ASPP memahami perintah Pemerintah baru-baru ini yang memperkirakan pengurangan waktu tunggu di perbatasan udara Lisbon sebagai “ujian tekanan”.

“Perubahan tersebut mengharuskan PSP untuk mendirikan kantor krisis dan menetapkan target 100 hari untuk mengambil langkah-langkah yang memungkinkannya mematuhi waktu tunggu yang baru. Namun, perubahan ini tidak diakibatkan oleh perubahan struktural, penguatan sarana yang meningkatkan kapasitas kendali penumpang, hanya terwujud sedikit saja. niat politik, tanpa penjelasan teknis apa pun, tanpa metrik apa pun, dan karenanya ditakdirkan untuk gagal”, bunyi dokumen yang dihasilkan dari pleno yang diadakan pada bulan November dengan petugas polisi yang bekerja di bandara Lisbon.

ASPP juga mengecam “tekanan politik di sekitar bandara Lisbon, digerakkan oleh kementerian yang berbeda, bergandengan tangan dengan ANA Aeroportos”, mencatat bahwa semua petugas polisi dari unit Orang Asing dan Kontrol Perbatasan Komando Lisbon “dikirim ke bandara”.

Dokumen tersebut, ditandatangani oleh presiden ASPP, Paulo Santosmencela bahwa “keputusan yang mempertanyakan pekerjaan yang dilakukan oleh petugas polisi dalam lingkup pengawasan perbatasan, yang menunjukkan intrusi dan tekanan kekuatan politik yang tidak dapat dijelaskan, yang menyebabkan perubahan dalam keputusan menolak masuk”, juga melaporkan kurangnya kondisi kerja petugas polisi, seperti keberadaan tikus dan peralatan yang usang.

Dalam dokumen tersebut, serikat pekerja juga berbicara tentang kurangnya kondisi bagi warga negara asing yang ditolak masuk ke negara tersebut, yang harus tetap berada di zona internasional dan hanya diberikan tempat tidur kamp dan sering kali tidak diperbolehkan mandi dan kebersihan pribadi, sehingga menciptakan “lingkungan yang memuakkan”.

ASPP juga menyoroti bahwa “tidak ada kondisi minimum di pos pengawasan perbatasan untuk mewawancarai keluarga, anak di bawah umur tanpa pendamping, korban atau orang-orang rentan”.

Petugas polisi telah mengalami tekanan eksternal dan internal, informasi yang salah, kondisi kerja yang tidak layak, bekerja tanpa istirahat, pekerjaan yang berulang-ulang dan berkepanjangan, mendiskreditkan pekerjaan mereka dan kurangnya pengakuan.telah menyebabkan situasi putus asa, stres dan, dalam beberapa situasi, kelelahan profesional”, dokumen tersebut juga menyatakan, di mana intervensi dari MAI dan posisi dari manajemen nasional PSP diminta.

Pemerintah peduli terhadap pariwisata

Selain membenarkan kurangnya polisi, Hugo Espírito Santo Selasa ini menilai, ada masalah lain yang menambah masalah tersebut, seperti “kesulitan dan kesulitan.” ketidakstabilan dari sudut pandang teknologiterutama di ‘egate’” dan “a perlambatan sistem yang lebih besar“.

Setelah mengidentifikasi penyebabnya, kata pejabat pemerintah tersebut, sekarang saatnya mencoba menyelesaikannya.

“Salah satu hal yang telah kami putuskan, bersama dengan Ana – yang telah melakukan pekerjaan luar biasa bersama kami untuk membantu kami menyelesaikan masalah ini – adalah mendesain ulang seluruh area keberangkatan dan kedatangan.

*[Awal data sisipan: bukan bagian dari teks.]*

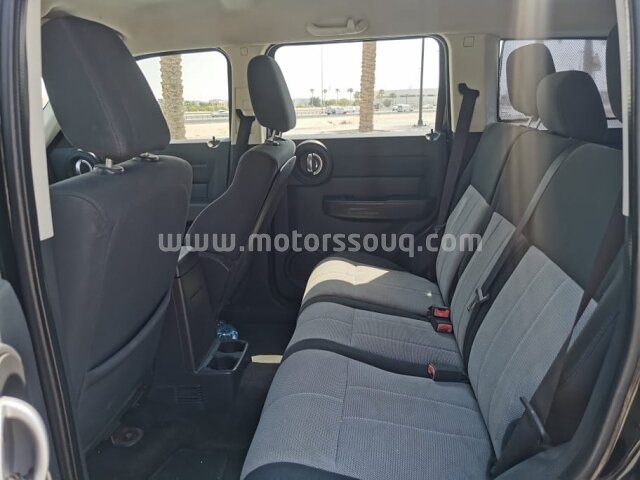 2007 Dodge Nitro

Kami akan menambah jumlah kotak dan ‘egate’ sebesar 30% pada saat keberangkatan, kami akan menambahnya pada saat kedatangan [em] 30% kotak, dan ‘egate’ akan kami tingkatkan sebesar 70%”, katanya.

Tantangannya, menurut asumsi gubernur, adalah untuk memiliki situasi teratasi pada bulan Juni“sebelum musim panas”, musim pariwisata yang ramai.